If you can already see a few tiny green leaves at the base of the plant, just be very careful where you prune, so as not to disturb these new shoots, as these will become the canes that your plant will fruit on in later on in summer. This year, as well as thinning out and cutting back, I’ve decided to move my raspberries to a different part of the plot, but not for crop rotation purposes. Raspberries, if kept in check and well fed, can stay in the same bed for many years.

So firstly, cut back all of the canes with a sharp pair of secateurs, as close to the ground as possible.
As I’m moving my raspberries (it’s a good time for moving both autumn and summer raspberries), I’m digging up the whole bed. Once dug up, you can see that raspberries are not deep-rooted. They mainly have roots that spread horizontally only a few inches below the surface of the soil. This makes them very adept at spreading all over the plot, so if you see canes in unwanted positions, then now is the time to dig them up. These spare plants can be planted in another row if you have the space, or give them to friends if you have a surplus.
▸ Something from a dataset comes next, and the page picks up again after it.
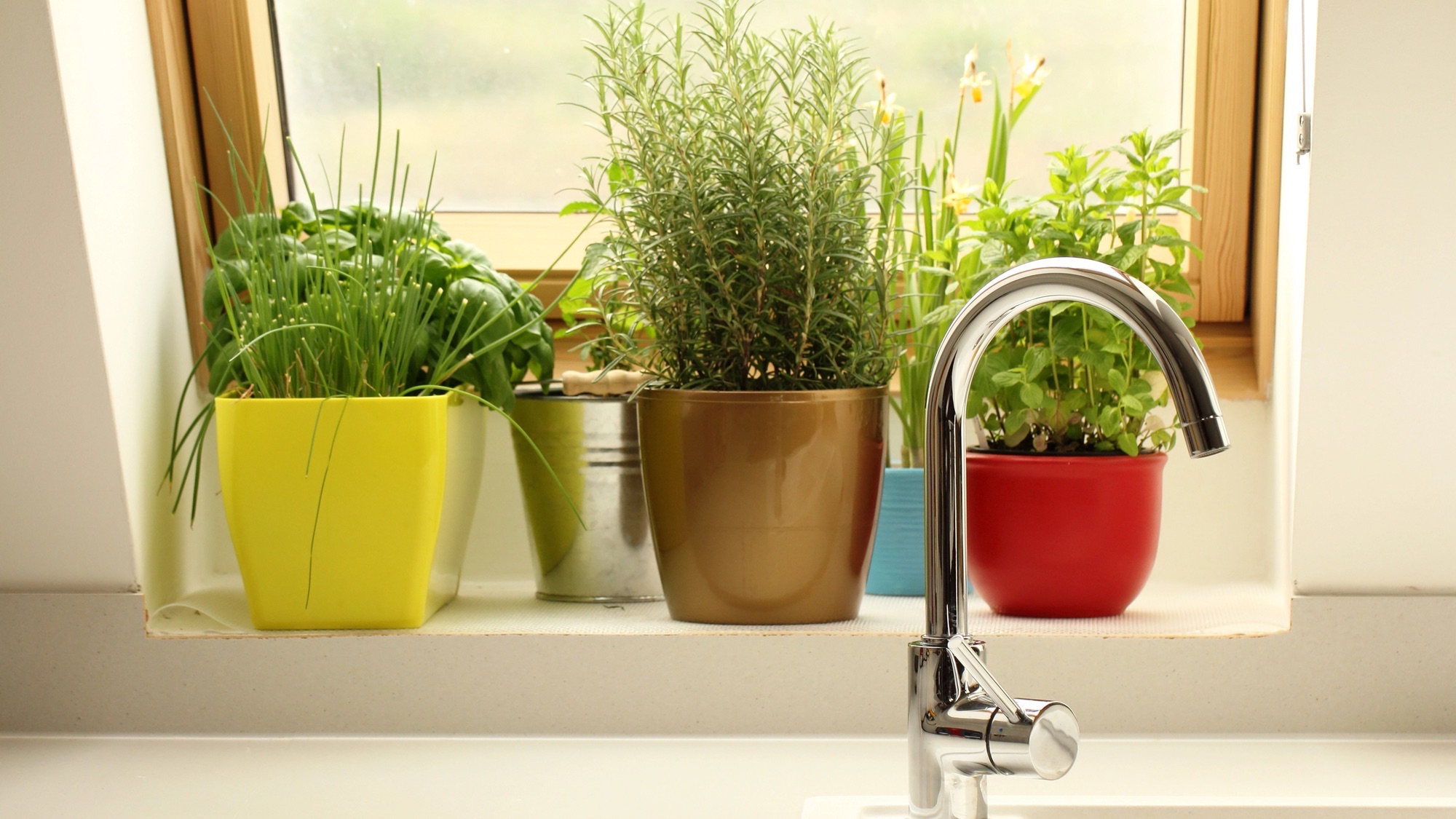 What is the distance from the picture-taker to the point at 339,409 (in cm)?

Potager in Drum Castle Garden. Pic from http://christinelaennec.co.uk/

I’m giving some canes to a friend (Sarah) who wants to create a more Cottage Garden/ Potager style garden (where flowers, fruit and veg are all mixed into one glorious border), so these raspberries will be growing alongside lots of herbaceous perennials and small shrubs. Should work very well as pollinating bees attracted by the flowers will also pollinate the fruit and raspberries amongst the late summer flowers will look fantastic. Potagers are also a great way to grow fruit and veg if you don’t have the space for a separate vegetable plot, but want to grow your favourite edible plants.
Placing each plant about inches 16 inches (40cm) apart, I’ve replanted the raspberries in lovingly prepared soil (plenty of compost or well-rotted manure mixed in a few weeks before if possible ) and watered them in well. If you planting more than one row, plant each row about 5-6 ft  (150-180cm) apart. In late March, mulch with a good layer of well-rotted manure or compost which will help to conserve moisture. Some say that you don’t have to support autumn cropping raspberries, but in my experience, if left unsupported, the fruit- laden canes reach the ground, spoiling some of the fruit and making picking the rest difficult. In the end, to support or not to support probably depends on your particular plot and growing conditions.
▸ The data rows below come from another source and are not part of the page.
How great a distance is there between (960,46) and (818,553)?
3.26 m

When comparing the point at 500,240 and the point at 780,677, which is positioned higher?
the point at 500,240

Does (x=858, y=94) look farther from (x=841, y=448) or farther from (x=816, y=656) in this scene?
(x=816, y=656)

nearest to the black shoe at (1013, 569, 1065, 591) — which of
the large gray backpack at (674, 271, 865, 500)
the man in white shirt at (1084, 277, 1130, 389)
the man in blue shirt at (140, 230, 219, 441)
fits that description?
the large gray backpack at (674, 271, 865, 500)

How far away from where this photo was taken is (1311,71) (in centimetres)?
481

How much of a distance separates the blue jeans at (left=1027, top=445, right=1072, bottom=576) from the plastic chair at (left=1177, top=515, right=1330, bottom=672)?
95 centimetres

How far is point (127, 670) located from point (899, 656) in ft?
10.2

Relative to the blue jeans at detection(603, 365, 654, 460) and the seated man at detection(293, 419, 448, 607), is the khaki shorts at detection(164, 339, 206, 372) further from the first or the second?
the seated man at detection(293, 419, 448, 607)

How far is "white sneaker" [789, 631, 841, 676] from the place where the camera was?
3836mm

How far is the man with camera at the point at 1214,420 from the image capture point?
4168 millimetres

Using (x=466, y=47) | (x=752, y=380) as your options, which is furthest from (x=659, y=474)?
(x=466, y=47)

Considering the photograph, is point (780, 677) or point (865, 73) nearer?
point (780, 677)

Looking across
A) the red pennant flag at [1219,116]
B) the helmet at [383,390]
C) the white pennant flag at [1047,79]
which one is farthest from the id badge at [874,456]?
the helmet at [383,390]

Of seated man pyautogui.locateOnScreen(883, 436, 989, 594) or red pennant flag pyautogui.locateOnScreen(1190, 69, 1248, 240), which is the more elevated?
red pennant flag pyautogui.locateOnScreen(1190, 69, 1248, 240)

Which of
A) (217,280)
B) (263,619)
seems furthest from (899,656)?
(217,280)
Make sure you water during hot dry spells (here’s hoping!), then look forward to a late summer and autumn crop of very tasty, home-grown fruit.
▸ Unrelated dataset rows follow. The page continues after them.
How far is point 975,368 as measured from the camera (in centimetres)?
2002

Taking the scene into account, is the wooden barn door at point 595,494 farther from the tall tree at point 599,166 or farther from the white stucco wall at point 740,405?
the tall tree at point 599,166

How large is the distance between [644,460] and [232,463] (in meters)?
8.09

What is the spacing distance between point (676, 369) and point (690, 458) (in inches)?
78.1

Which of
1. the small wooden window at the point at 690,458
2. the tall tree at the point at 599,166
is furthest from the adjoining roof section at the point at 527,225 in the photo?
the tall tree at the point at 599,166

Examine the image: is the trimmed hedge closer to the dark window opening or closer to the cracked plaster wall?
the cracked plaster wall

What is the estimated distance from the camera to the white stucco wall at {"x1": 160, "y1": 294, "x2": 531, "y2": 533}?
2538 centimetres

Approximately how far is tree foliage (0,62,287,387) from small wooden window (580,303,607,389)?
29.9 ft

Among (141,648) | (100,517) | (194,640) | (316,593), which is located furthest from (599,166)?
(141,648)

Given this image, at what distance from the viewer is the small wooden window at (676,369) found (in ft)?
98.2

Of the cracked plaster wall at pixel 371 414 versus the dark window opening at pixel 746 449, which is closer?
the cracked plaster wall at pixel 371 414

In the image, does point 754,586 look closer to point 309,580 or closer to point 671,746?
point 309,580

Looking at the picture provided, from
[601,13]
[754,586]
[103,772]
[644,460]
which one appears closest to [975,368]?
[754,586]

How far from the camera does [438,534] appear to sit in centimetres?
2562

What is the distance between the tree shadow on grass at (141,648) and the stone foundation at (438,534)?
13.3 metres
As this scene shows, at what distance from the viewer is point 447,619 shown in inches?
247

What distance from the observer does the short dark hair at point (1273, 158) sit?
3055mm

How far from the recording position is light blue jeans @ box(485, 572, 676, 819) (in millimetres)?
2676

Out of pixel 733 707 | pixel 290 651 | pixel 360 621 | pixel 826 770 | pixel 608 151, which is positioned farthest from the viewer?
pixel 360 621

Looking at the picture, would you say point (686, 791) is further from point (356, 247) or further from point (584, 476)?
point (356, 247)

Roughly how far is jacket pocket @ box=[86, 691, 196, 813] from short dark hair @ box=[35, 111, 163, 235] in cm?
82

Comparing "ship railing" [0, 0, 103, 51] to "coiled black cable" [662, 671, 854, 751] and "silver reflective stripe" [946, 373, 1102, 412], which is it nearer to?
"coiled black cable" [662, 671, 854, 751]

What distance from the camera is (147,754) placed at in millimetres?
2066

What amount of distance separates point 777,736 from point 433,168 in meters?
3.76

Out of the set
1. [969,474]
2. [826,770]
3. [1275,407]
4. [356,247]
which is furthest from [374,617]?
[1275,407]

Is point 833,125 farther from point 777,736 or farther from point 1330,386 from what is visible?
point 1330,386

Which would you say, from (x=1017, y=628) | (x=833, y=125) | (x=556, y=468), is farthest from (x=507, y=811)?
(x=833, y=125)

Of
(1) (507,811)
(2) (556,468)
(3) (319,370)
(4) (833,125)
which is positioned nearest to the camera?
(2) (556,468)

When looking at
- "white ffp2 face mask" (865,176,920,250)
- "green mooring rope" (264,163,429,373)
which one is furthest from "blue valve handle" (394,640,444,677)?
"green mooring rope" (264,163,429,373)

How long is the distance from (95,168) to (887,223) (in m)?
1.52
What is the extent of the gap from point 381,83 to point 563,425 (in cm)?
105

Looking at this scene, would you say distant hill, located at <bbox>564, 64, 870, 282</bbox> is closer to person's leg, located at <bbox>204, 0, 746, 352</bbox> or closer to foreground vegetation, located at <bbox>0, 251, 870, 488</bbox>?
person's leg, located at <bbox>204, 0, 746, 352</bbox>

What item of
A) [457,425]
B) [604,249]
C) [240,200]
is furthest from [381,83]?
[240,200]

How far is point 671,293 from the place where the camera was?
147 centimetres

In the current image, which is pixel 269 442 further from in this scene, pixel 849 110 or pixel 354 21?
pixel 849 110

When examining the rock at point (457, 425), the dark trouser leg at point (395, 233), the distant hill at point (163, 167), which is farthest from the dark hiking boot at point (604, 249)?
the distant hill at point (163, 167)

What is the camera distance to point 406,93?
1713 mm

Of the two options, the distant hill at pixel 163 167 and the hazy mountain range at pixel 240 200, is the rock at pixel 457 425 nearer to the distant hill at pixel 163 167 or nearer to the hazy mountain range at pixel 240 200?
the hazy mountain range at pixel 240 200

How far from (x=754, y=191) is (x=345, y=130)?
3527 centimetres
P.S.I have pruned autumn raspberries in November and December and they’ve been absolutely fine the following year, but in theory, it’s  best to leave it until February, when the plant is completely dormant, so there’s no chance of the cold damaging the plant after you’ve pruned it.

P.P.S

I love my Polka raspberries.

October 26th 2011

Now is a great time to order and plant new raspberry canes for next year. Autumn Bliss is a very well-known and popular Autumn fruiting variety, but there are now quite a few new introductions such as Polka, Joan J, All Gold and Autumn Treasure and in fact ‘Joan J’ won best tasting Autumn raspberry in the ‘Gardening Which?’ trials this September. Both Victoriana Nursery and Ken Muir stock good selections of both Summer and Autumn Fruiting varieties and now is the time to order while they still have a wide choice of varieties available. This year I’ve ordered some new ‘Polka’ and ‘Joan J’ canes as I already have Autumn Bliss growing in the allotment and I want to see if there is a difference in taste between the two. I’m going to find a space somehow to plant these in my back garden so that I can pick this delicious fruit just outside my back door next year.